[PATCH v2] avoid race condition between start_xmit and cm_rep_handler

Aaron Knister <aaron.s.knister@xxxxxxxx> · Fri, 17 Aug 2018 17:31:26 -0400

Inside of start_xmit() the call to check if the connection is up and the
queueing of the packets for later transmission is not atomic which
leaves a window where cm_rep_handler can run, set the connection up,
dequeue pending packets and leave the subsequently queued packets by
start_xmit() sitting on neigh->queue until they're dropped when the
connection is torn down. This only applies to connected mode.

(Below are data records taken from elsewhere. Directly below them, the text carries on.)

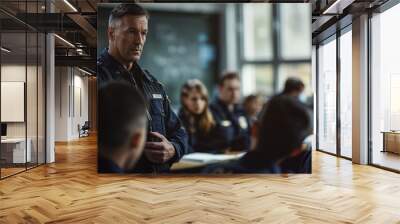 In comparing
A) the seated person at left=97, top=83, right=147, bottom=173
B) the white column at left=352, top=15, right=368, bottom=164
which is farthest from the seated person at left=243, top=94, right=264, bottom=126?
the white column at left=352, top=15, right=368, bottom=164

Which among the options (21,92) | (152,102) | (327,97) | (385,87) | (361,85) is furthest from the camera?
(327,97)

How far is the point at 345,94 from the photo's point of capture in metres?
8.66

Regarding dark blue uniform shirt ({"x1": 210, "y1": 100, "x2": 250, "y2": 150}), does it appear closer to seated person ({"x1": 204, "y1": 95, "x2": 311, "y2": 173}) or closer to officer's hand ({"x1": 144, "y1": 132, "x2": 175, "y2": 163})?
seated person ({"x1": 204, "y1": 95, "x2": 311, "y2": 173})

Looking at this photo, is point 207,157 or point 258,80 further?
point 207,157

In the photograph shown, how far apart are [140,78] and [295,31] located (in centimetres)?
224

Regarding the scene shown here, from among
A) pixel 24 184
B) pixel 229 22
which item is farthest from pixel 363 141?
pixel 24 184

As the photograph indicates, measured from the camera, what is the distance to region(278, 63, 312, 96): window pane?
17.3 feet

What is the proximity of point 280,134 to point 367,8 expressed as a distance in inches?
141

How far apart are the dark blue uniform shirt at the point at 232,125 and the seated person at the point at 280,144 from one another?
191 millimetres

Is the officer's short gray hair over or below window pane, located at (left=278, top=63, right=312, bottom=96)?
over

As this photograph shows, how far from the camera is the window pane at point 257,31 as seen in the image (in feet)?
17.3

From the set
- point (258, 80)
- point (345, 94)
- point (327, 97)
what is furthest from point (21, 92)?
Answer: point (327, 97)

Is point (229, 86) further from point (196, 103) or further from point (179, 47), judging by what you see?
point (179, 47)

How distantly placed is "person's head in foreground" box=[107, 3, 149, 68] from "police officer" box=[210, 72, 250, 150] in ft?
4.15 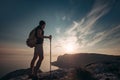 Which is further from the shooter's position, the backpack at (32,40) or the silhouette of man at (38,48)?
the backpack at (32,40)

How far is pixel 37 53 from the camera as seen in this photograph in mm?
10891

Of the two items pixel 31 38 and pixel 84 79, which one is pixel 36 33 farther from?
pixel 84 79

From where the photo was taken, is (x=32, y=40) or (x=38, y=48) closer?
(x=38, y=48)

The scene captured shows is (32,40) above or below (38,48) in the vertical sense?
above

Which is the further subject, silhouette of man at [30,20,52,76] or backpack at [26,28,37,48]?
backpack at [26,28,37,48]

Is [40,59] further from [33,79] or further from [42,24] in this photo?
[42,24]

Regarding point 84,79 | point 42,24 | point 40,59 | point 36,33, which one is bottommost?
point 84,79

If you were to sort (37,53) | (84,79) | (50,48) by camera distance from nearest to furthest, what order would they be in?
(37,53) → (84,79) → (50,48)

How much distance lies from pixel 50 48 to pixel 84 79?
3.74m

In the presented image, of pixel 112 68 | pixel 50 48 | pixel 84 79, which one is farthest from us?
pixel 112 68

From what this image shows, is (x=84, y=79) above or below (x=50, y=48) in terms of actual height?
below

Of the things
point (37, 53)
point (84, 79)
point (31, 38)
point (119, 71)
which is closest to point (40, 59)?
point (37, 53)

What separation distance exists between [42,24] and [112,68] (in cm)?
770

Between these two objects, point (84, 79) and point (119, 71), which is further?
point (119, 71)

These
dropped packets can really upset TCP, for example,  and cause
multi-minute delays in transmission for open connections.

Here's the code in start_xmit where we check to see if the connection
is up:

       if (ipoib_cm_get(neigh)) {
               if (ipoib_cm_up(neigh)) {
                       ipoib_cm_send(dev, skb, ipoib_cm_get(neigh));
                       goto unref;
               }
       }

The race occurs if cm_rep_handler execution occurs after the above
connection check (specifically if it gets to the point where it acquires
priv->lock to dequeue pending skb's) but before the below code snippet
in start_xmit where packets are queued.

       if (skb_queue_len(&neigh->queue) < IPOIB_MAX_PATH_REC_QUEUE) {
               push_pseudo_header(skb, phdr->hwaddr);
               spin_lock_irqsave(&priv->lock, flags);
               __skb_queue_tail(&neigh->queue, skb);
               spin_unlock_irqrestore(&priv->lock, flags);
       } else {
               ++dev->stats.tx_dropped;
               dev_kfree_skb_any(skb);
       }

The patch re-checks ipoib_cm_up with priv->lock held to avoid this
race condition. Since odds are the conn should be up most of the time
(and thus the connection *not* down most of the time) we don't hold the
lock for the first check attempt to avoid a slowdown from unecessary
locking for the majority of the packets transmitted during the
connection's life.

Signed-off-by: Aaron Knister <aaron.s.knister@xxxxxxxx>
---
 drivers/infiniband/ulp/ipoib/ipoib_main.c | 46 ++++++++++++++++++++++++++-----
 1 file changed, 39 insertions(+), 7 deletions(-)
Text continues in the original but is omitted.